Una corsetta o passeggiata in solitaria non credo che al momento faccia danni.
Personalmente ho smesso di correre per colpa degli ignoranti e per spirito di solidarietà.


Ecco secondo me, invece che scannarsi sui runner, questo è il punto... ossia sembra che molti di quelli che corrono abitualmente abbiano deciso di smettere per coscienza civica... al contrario invece persone che non corrono mai pare abbiano deciso di iniziare a farlo proprio ora, probabilmente per "sfruttare" la norma che ne dava la possibilità solo per uscire e incontrare gente (o magari la fidanzata) che con le varie restrizioni non avrebbero potuto vedere...

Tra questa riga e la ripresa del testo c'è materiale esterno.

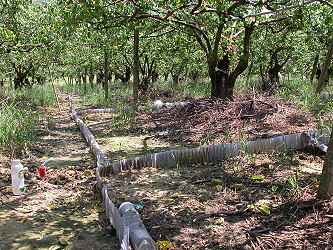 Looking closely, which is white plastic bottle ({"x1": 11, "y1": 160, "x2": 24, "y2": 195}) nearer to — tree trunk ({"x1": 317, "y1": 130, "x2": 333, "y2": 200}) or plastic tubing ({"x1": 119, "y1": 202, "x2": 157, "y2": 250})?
plastic tubing ({"x1": 119, "y1": 202, "x2": 157, "y2": 250})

A sentire gli appelli dei vari sindaci o i blitz del sindaco De Caro a Bari infatti il problema è che molti di questi "neo runner" vadano a correre in gruppo dandosi appuntamento in parchi anche molto distanti dalla rispettiva abitazione... così come altri improvvisano partite di pallone o il picnic... e se il fine non è quello di farsi la corsetta quotidiana è giusto che questi comportamenti vadano sanzionati e vietati...

Sembra che molte persone abbiano preso questa "quarantena obbligata" come una sorta di "vacanza" in cui è possibile fare tutto quello che prima, per via del poco tempo a disposizione o anche del traffico, non si poteva fare: questo è menefreghismo e totale mancanza di senso civico... non si vuole fare una crociata contro i "runner" che corrono da soli...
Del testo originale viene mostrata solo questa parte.